That second pregnancy ended in miscarriage at 10 weeks in April 2007, and my writing took an unexpected turn. I found myself in shock to be among the 1 in 5 (likely more like 1 in 4) women who have miscarried. I found myself publicly grieving what could have been. I wrote a lot that month, and then I slowed down, less attached to my online space until I got pregnant again in September 2007. We were living overseas by then, far from family and home, and this was a way I stayed connected to my people.

I was thrilled to be pregnant again, hopeful. In spite of my previous loss, I trusted my body and my baby. The only time in early pregnancy when I remember worrying was when I first suspected I might be pregnant and had some cramping, likely from the fertilized egg implanting into the lining of my uterus. But after that, after that pregnancy test that was so vividly positive, I was full steam ahead.
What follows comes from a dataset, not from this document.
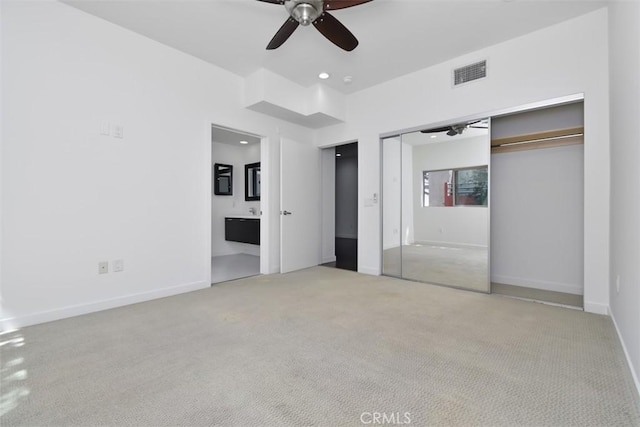 unfurnished bedroom featuring carpet flooring, visible vents, baseboards, and recessed lighting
Positive and happy in spite of the morning sickness. Confident.

I spent 6 weeks of that pregnancy in agony on the couch with a horrible case of shingles. I didn’t take antivirals or pain medicine because I didn’t want to endanger my baby. I made it through what was by far the most physically painful 6 weeks of my life straight into a 10 day sinus infection. But still I was undaunted. I was pregnant  and I could feel my baby kicking inside me. I had no reason to think anything would go wrong.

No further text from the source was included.